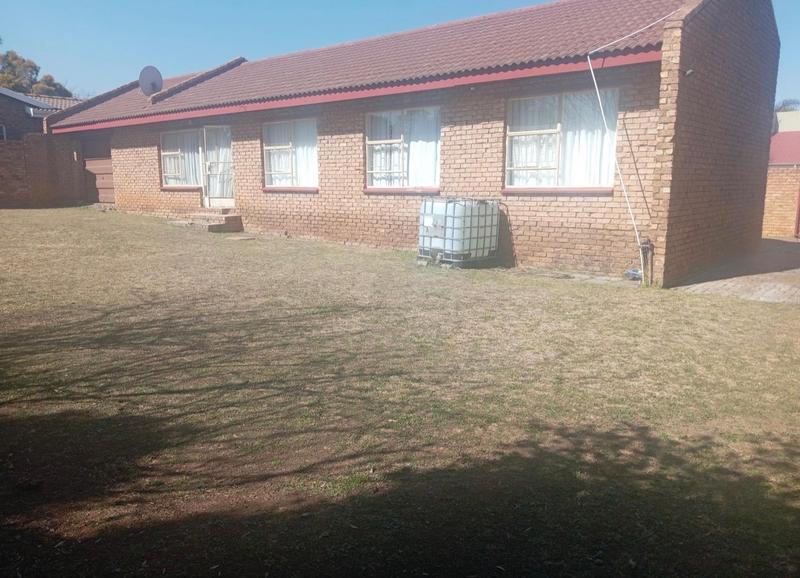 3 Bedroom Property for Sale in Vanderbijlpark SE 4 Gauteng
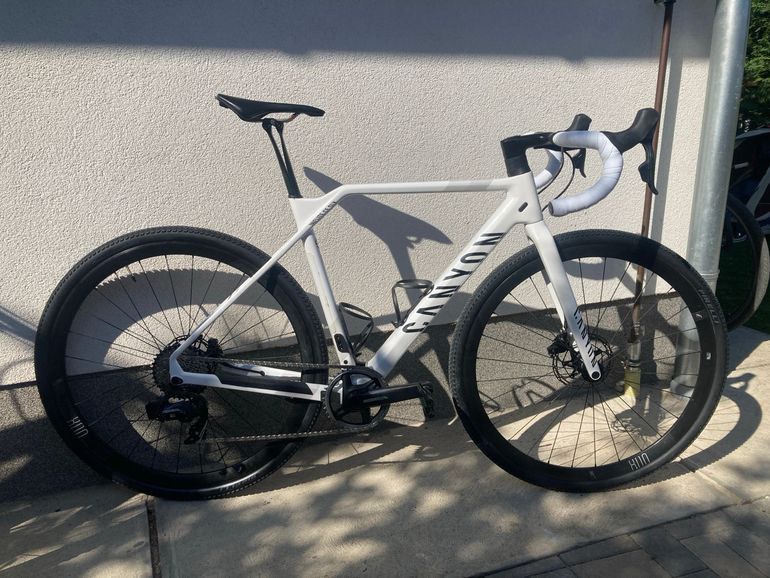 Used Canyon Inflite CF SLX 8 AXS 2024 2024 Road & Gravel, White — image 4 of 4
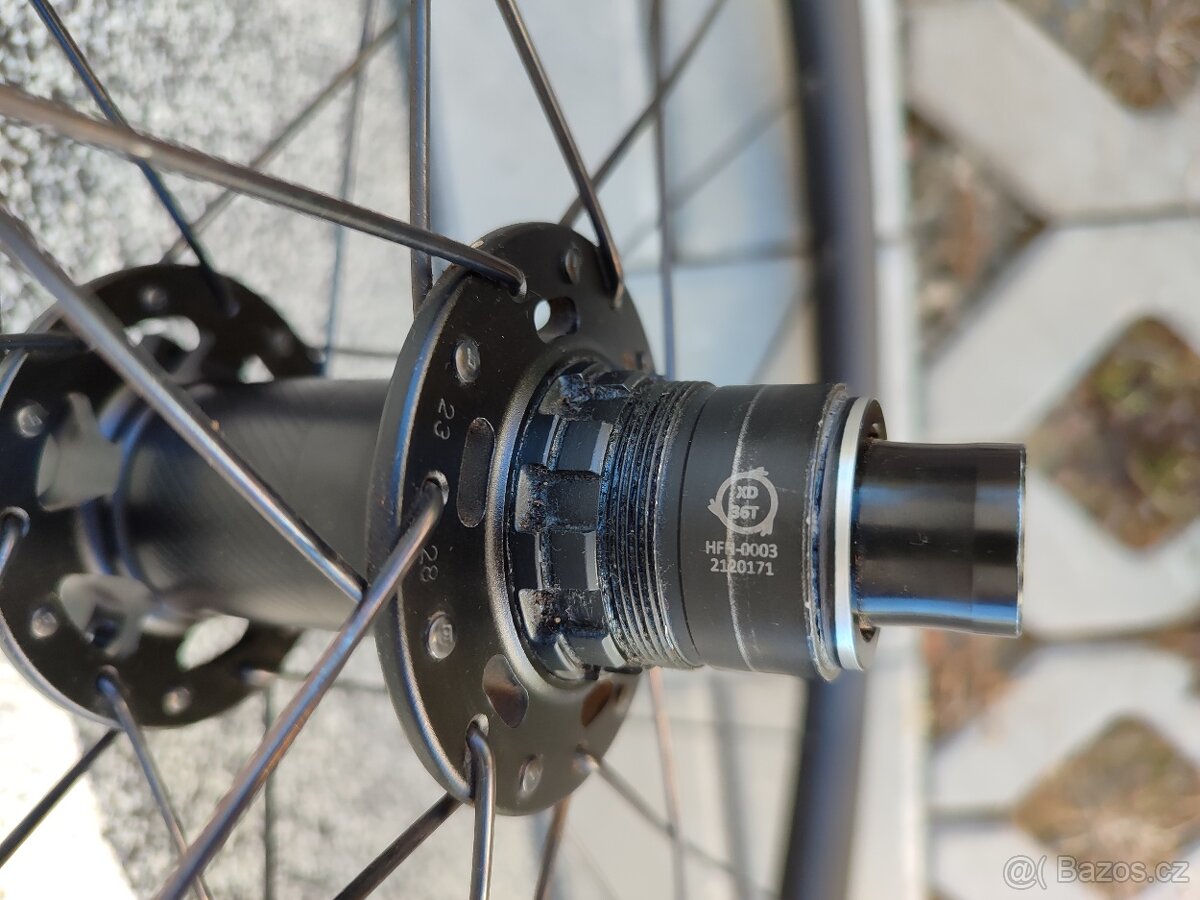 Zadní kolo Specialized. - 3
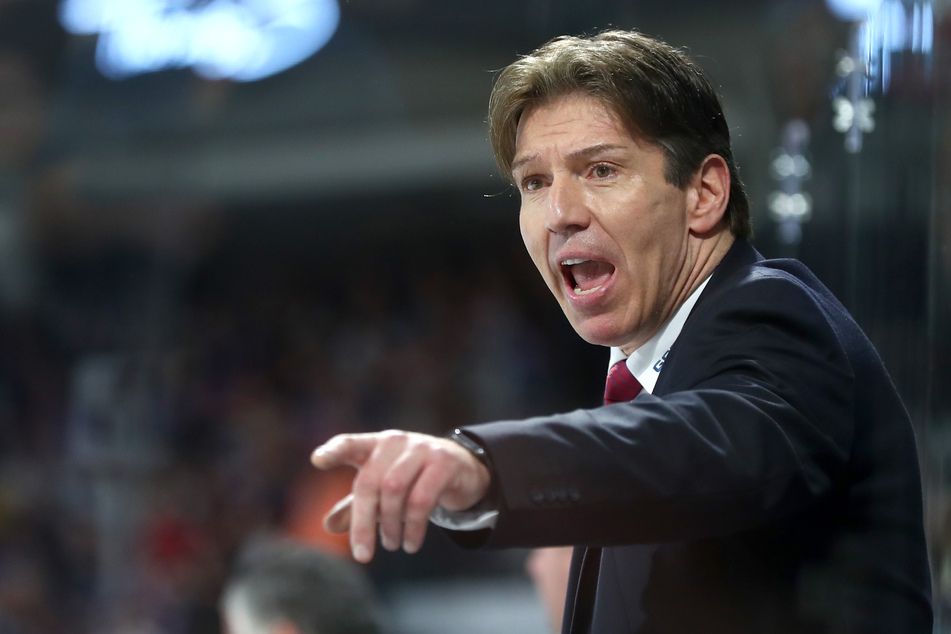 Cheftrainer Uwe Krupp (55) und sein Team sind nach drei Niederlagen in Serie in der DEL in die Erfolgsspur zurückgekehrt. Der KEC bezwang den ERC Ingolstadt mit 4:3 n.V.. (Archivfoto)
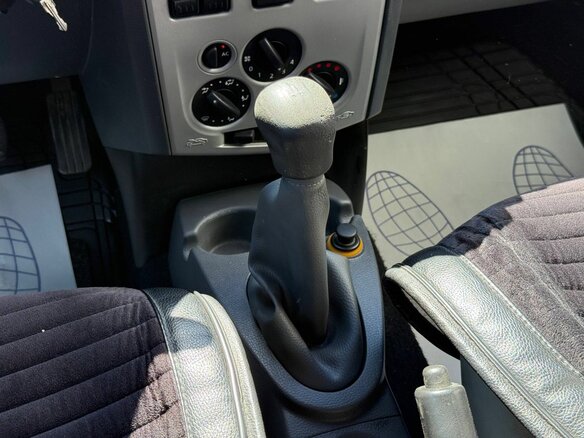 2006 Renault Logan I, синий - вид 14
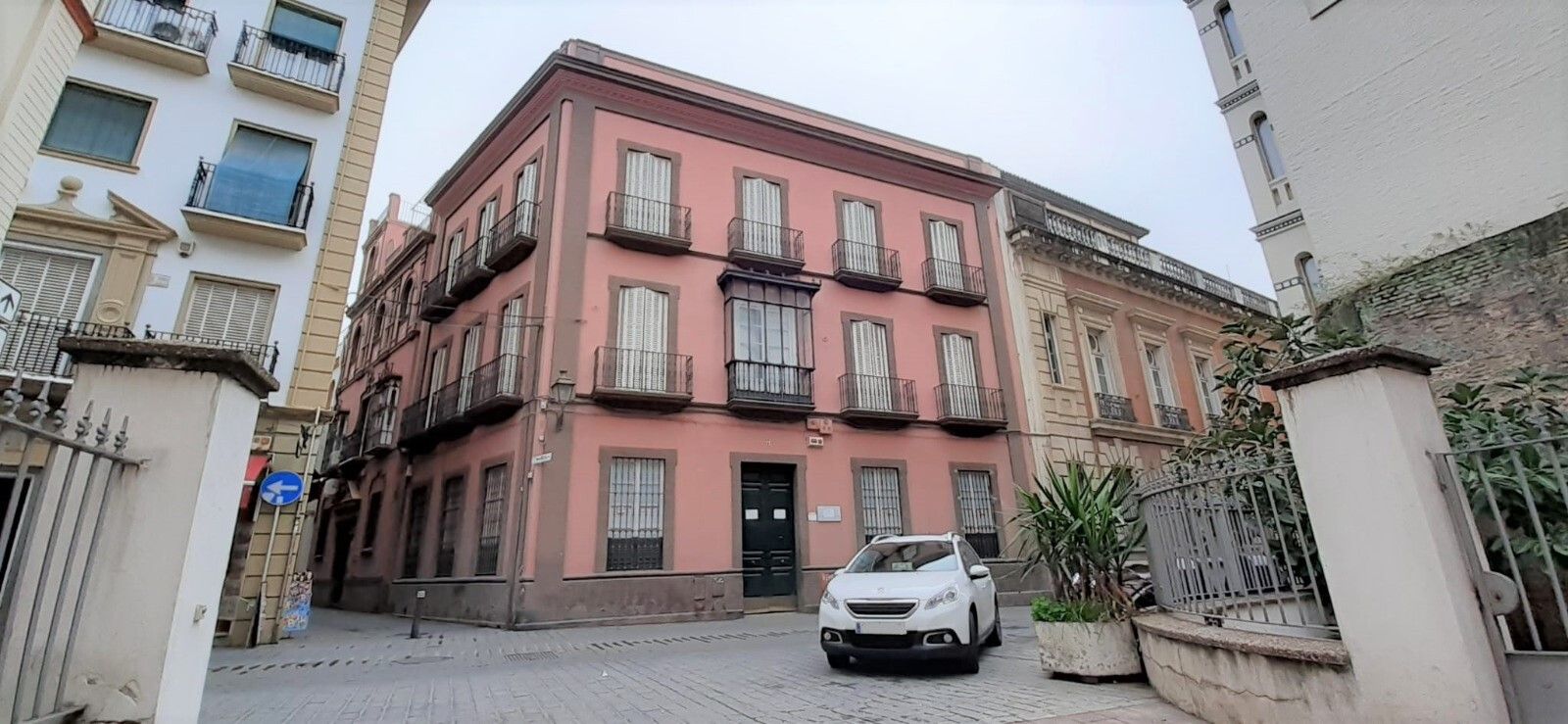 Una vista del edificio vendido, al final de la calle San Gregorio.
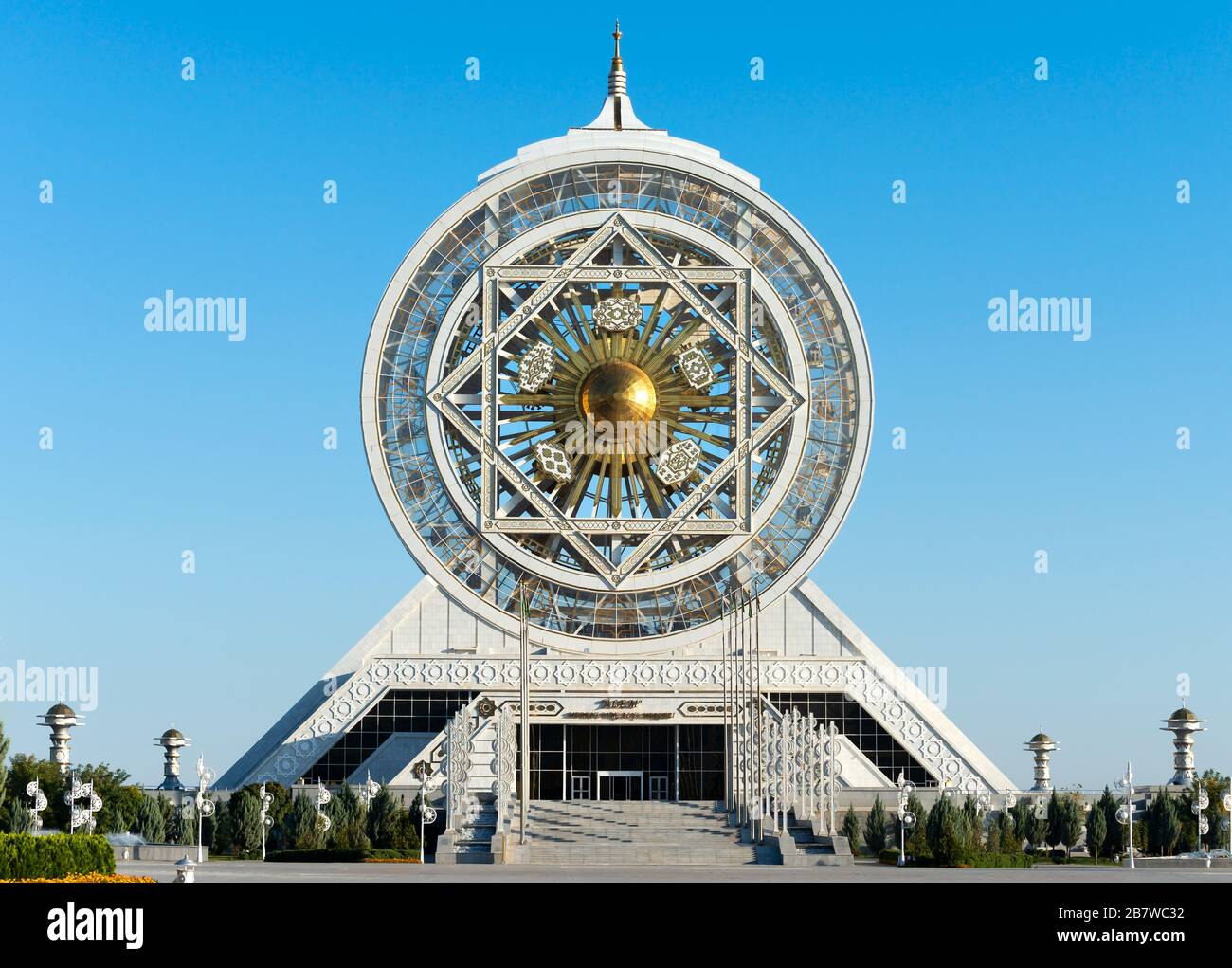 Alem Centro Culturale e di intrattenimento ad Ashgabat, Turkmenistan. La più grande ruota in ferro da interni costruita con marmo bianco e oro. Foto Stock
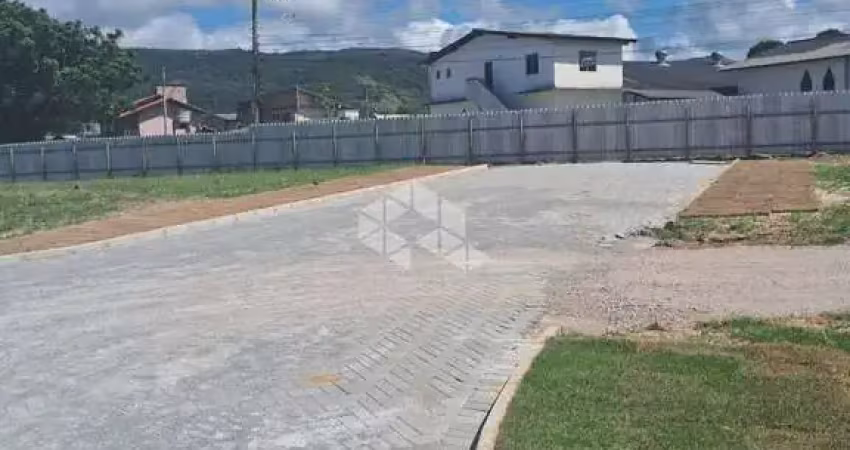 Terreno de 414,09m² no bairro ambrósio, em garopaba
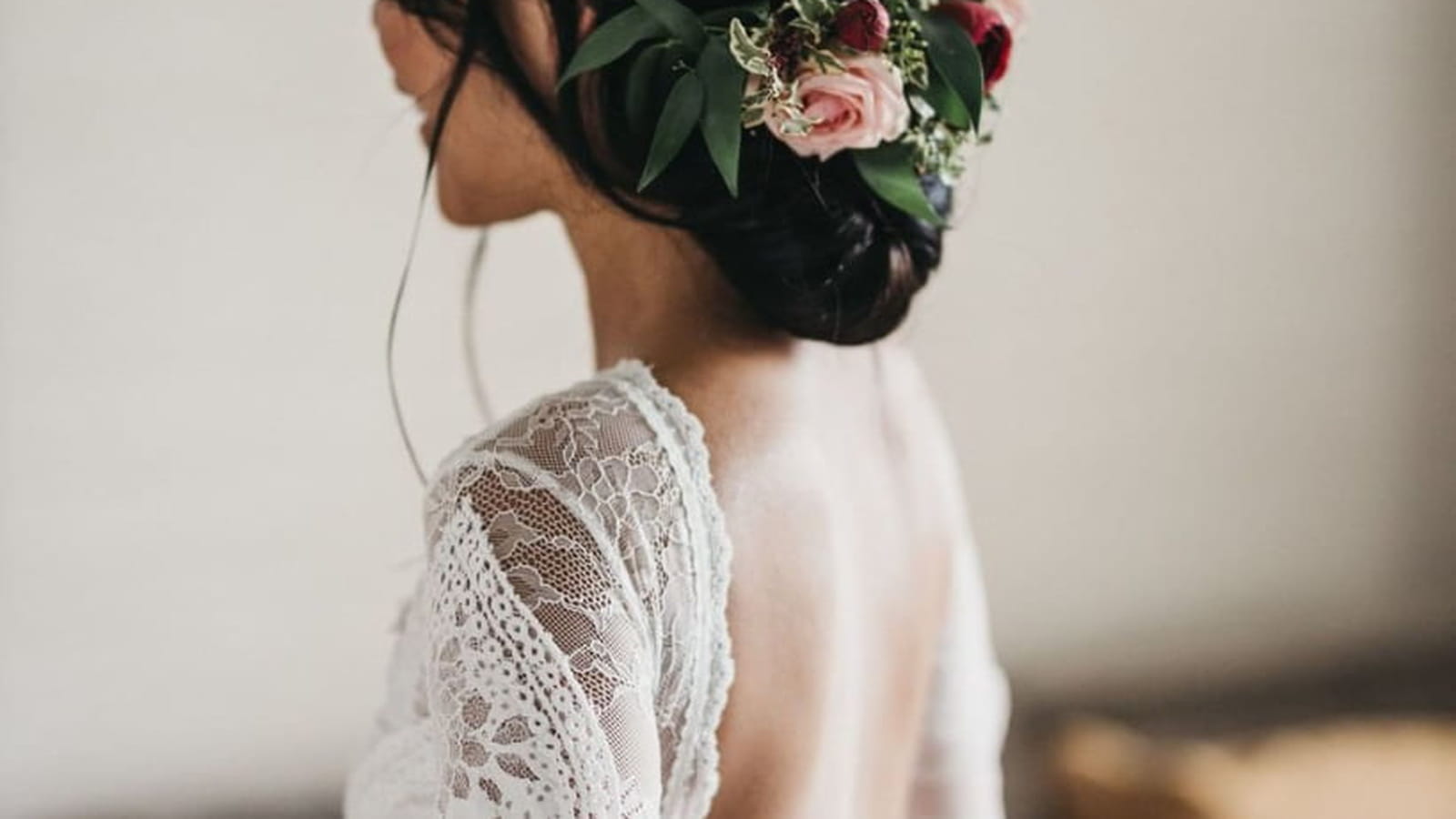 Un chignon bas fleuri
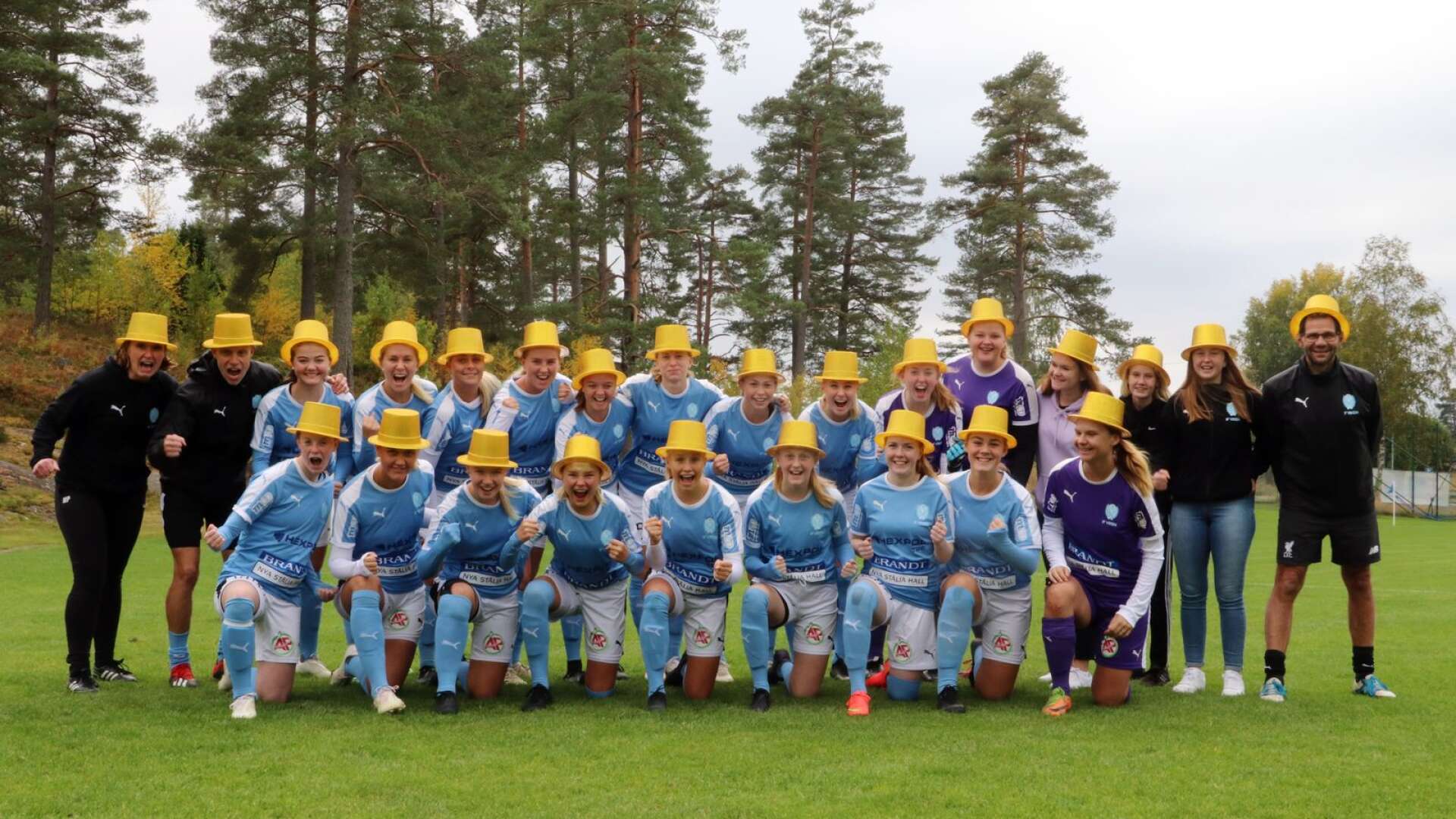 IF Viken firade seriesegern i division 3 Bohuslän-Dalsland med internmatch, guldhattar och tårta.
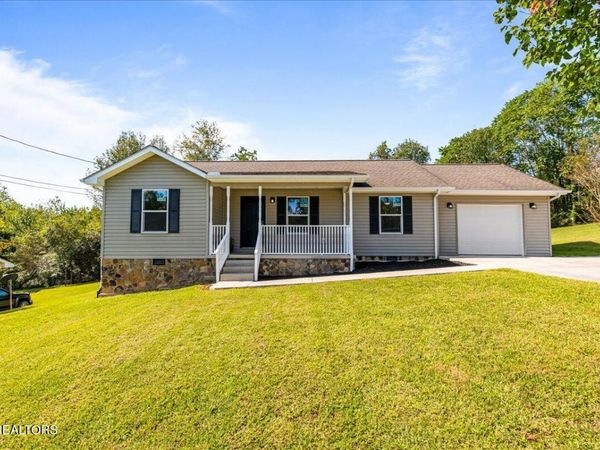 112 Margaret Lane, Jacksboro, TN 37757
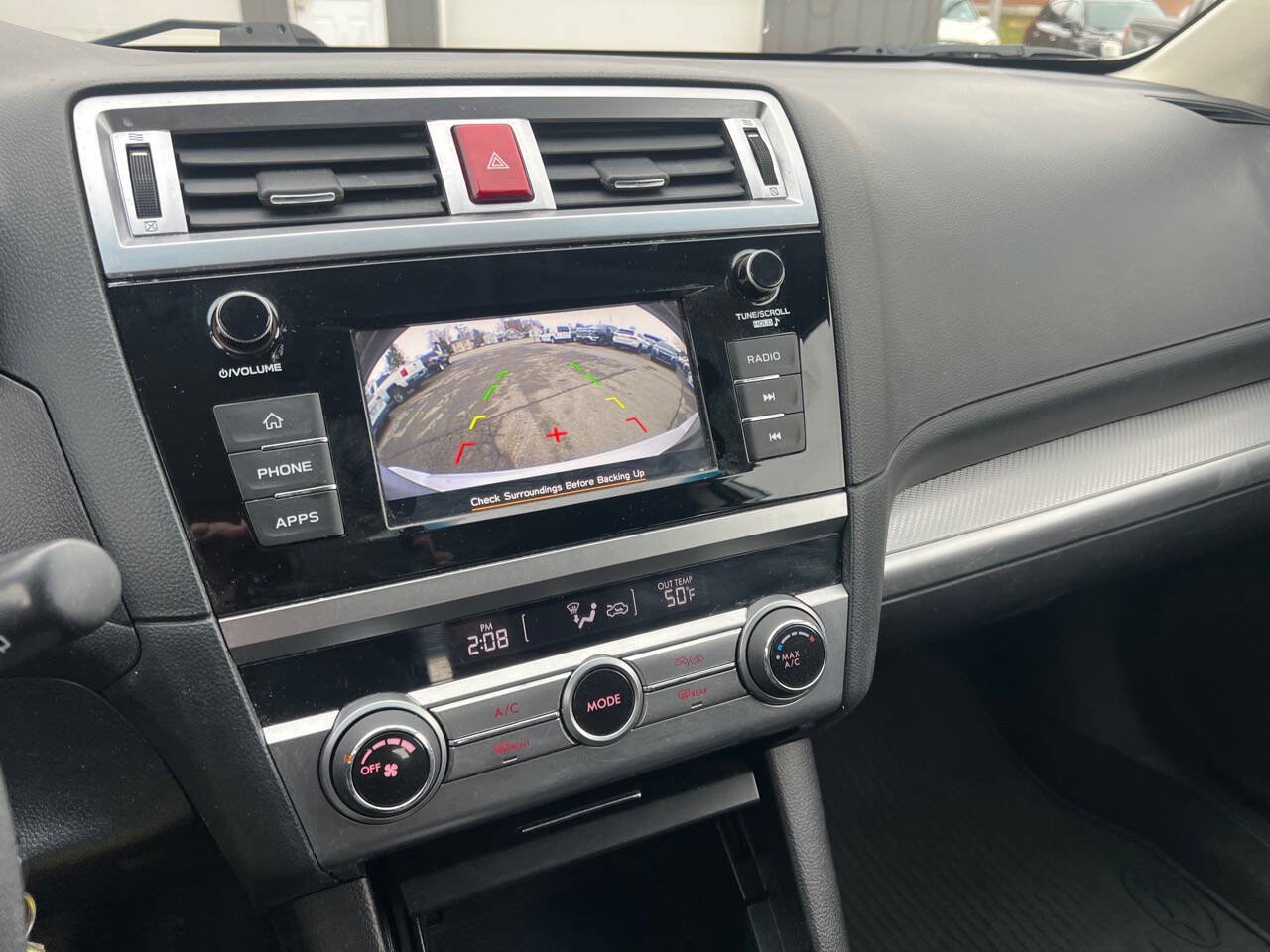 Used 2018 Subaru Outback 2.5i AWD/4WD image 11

* * *

* **TASK REQUIREMENTS**: With the pictures omitted, the entries are to be transcribed in full, exactly as they appear.

* **EXPECTED ANSWER**:
 3 Bedroom Property for Sale in Vanderbijlpark SE 4 Gauteng
 Used Canyon Inflite CF SLX 8 AXS 2024 2024 Road & Gravel, White — image 4 of 4
 Zadní kolo Specialized. - 3
 Cheftrainer Uwe Krupp (55) und sein Team sind nach drei Niederlagen in Serie in der DEL in die Erfolgsspur zurückgekehrt. Der KEC bezwang den ERC Ingolstadt mit 4:3 n.V.. (Archivfoto)
 2006 Renault Logan I, синий - вид 14
 Una vista del edificio vendido, al final de la calle San Gregorio.
 Alem Centro Culturale e di intrattenimento ad Ashgabat, Turkmenistan. La più grande ruota in ferro da interni costruita con marmo bianco e oro. Foto Stock
 Terreno de 414,09m² no bairro ambrósio, em garopaba
 Un chignon bas fleuri
 IF Viken firade seriesegern i division 3 Bohuslän-Dalsland med internmatch, guldhattar och tårta.
 112 Margaret Lane, Jacksboro, TN 37757
 Used 2018 Subaru Outback 2.5i AWD/4WD image 11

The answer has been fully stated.